[Items from a dataset]
◆ ◆ ◆ ◆
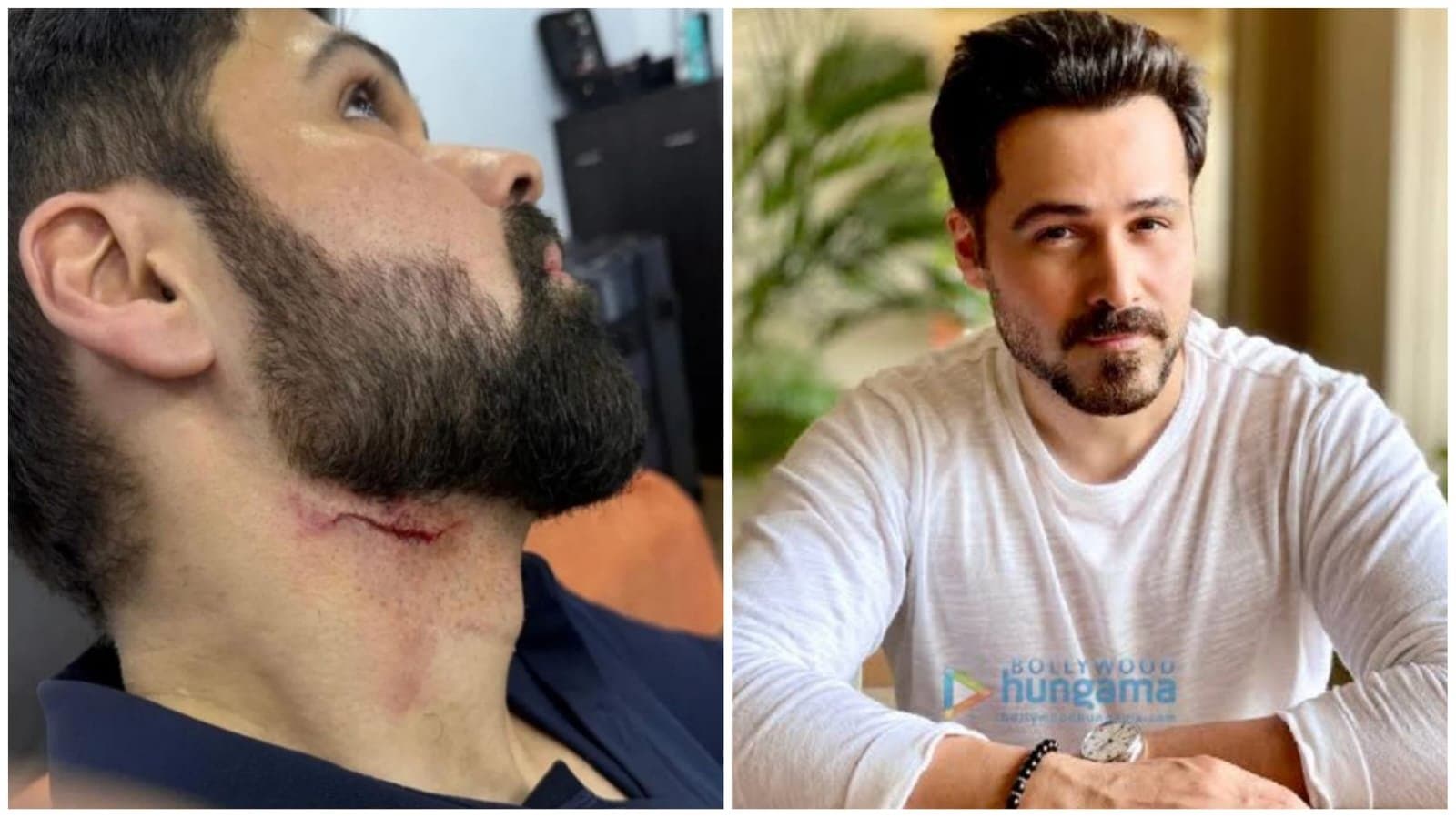 emraan hashmi injures himself during shoot of hoodachari 2 in hyderabad ent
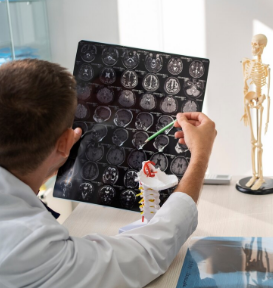 Hari Kesadaran Glioblastoma: Saatnya Lampung Lebih Peduli Kanker Otak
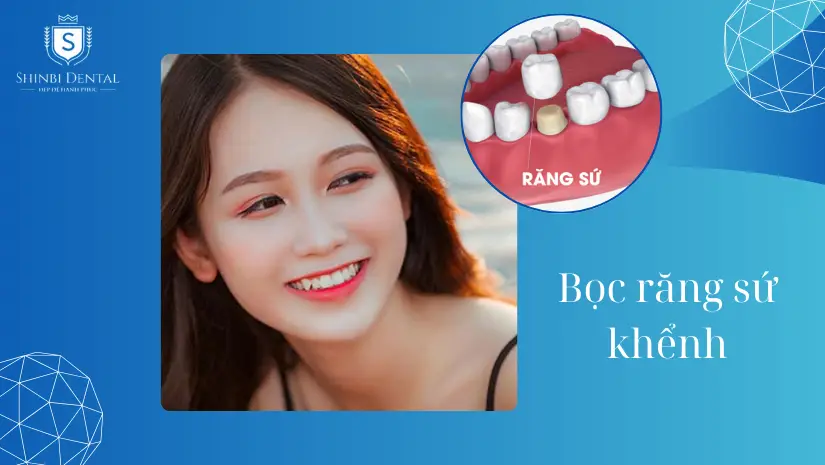 Bọc răng sứ khểnh: Là gì? Nên hay không? Quy trình chuẩn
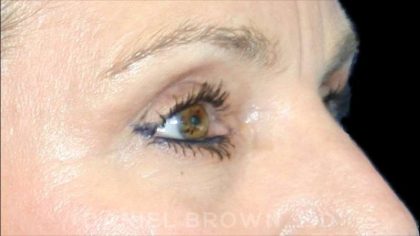 Blepharoplasty Before & After Patient #8766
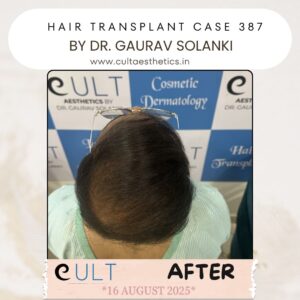 hair case 387 After-3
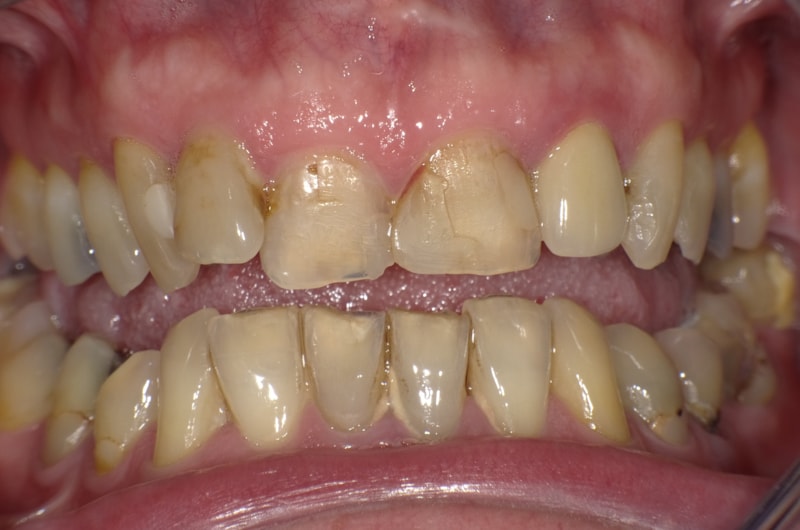 Sehr unzufriedener Patient, der immer wieder Reparaturen mit Kunststoff und einzelnen Kronen bei seinem langjährigen Zahnarzt bekommen hat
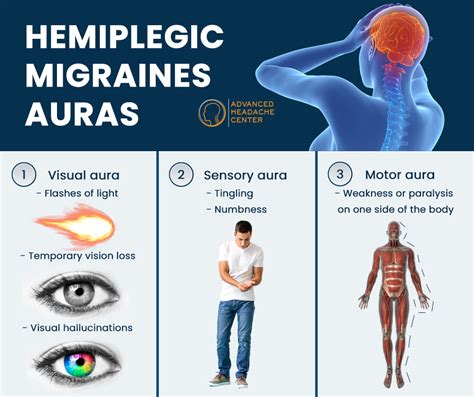 Hemiplegic Migraine Treatment Specialist In Nyc And Nj Advanced Headache Center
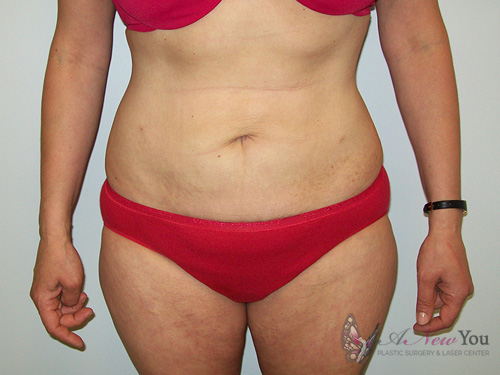 Liposuction After - Chicago, IL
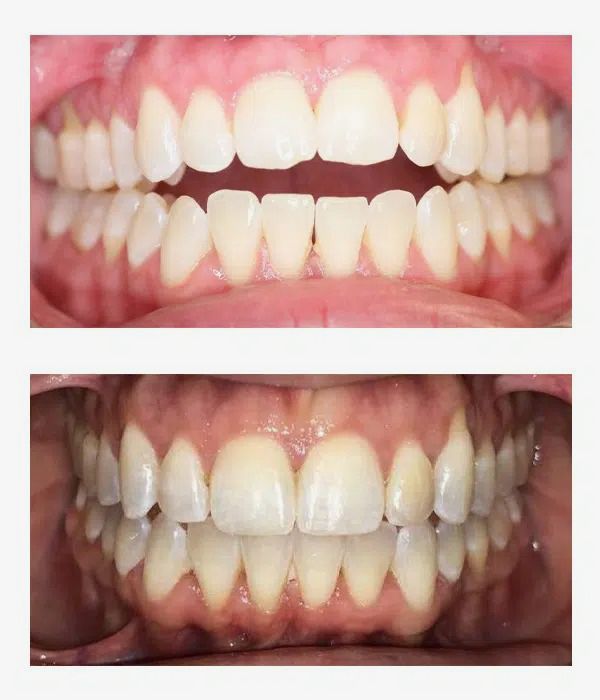 Before and after orthodontics treatment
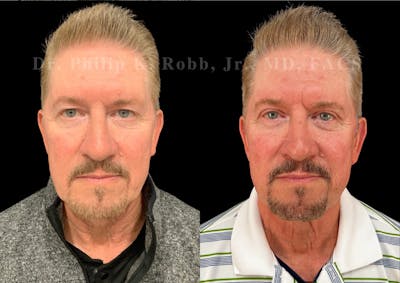 Upper Blepharoplasty Before & After Gallery - Patient 127590 - Image 1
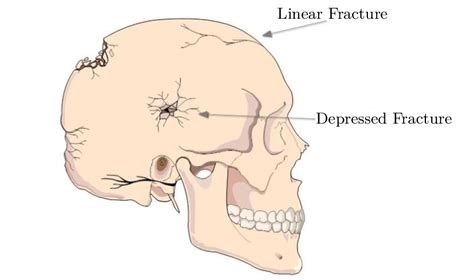 7 Schematic Representation Of A Linear And Depressed Fracture Adapted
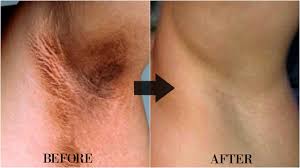 Check spelling or type a new query. How To Lighten Dark Underarms Naturally With Fast Result Omabelletv Youtube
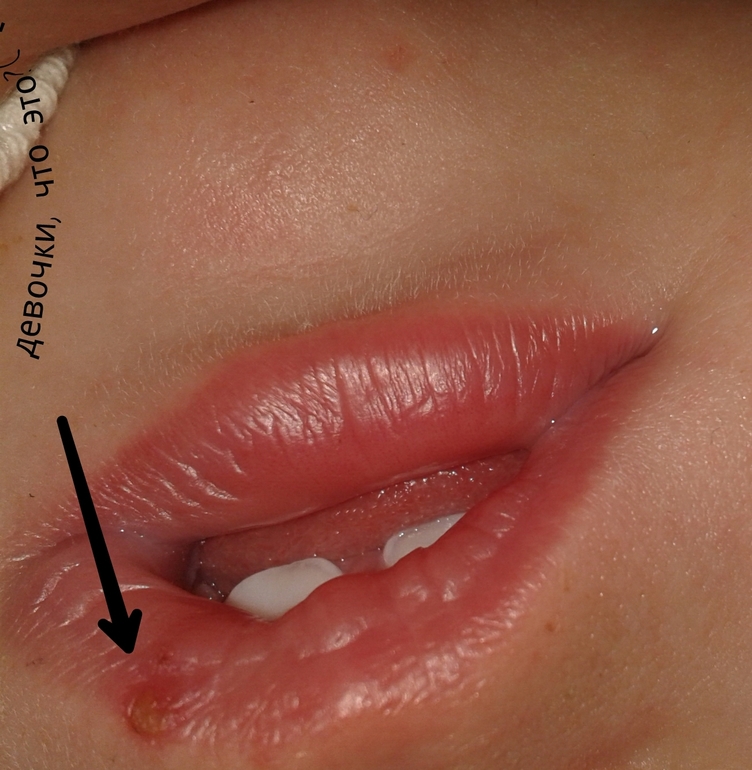 девочки! !!!что это?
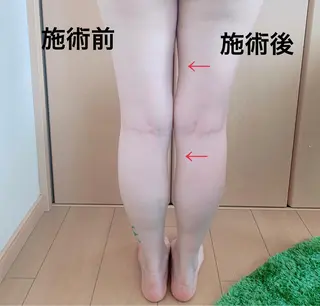 痩身/脱毛/ネイル HARUKAのエステ・リラクイメージ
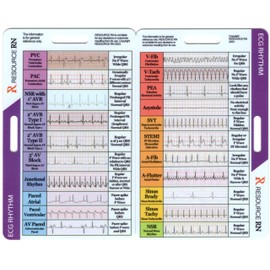 EKG Rhythm Interpretation - Compact & Portable Reference Card – Rapid Interpretation Guide – Dual Horizontal & Vertical Layout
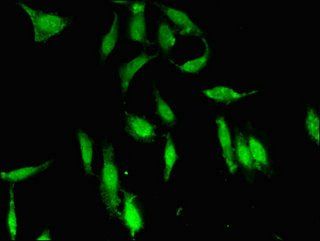 PDS5A antibody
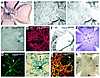 Retinal vascular development in VEGF120/120 mice. (a) PECAM staining at P5.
◆ ◆ ◆ ◆
**TASK GOAL**
Reproduce the data above exactly, but only the lines from the one showing "Hemiplegic Migraine Treatment" through the one showing "7 Schematic Representation", with both ends kept and the pictures left out.

**RESPONSE TO THIS TASK**
 Hemiplegic Migraine Treatment Specialist In Nyc And Nj Advanced Headache Center
 Liposuction After - Chicago, IL
 Before and after orthodontics treatment
 Upper Blepharoplasty Before & After Gallery - Patient 127590 - Image 1
 7 Schematic Representation Of A Linear And Depressed Fracture Adapted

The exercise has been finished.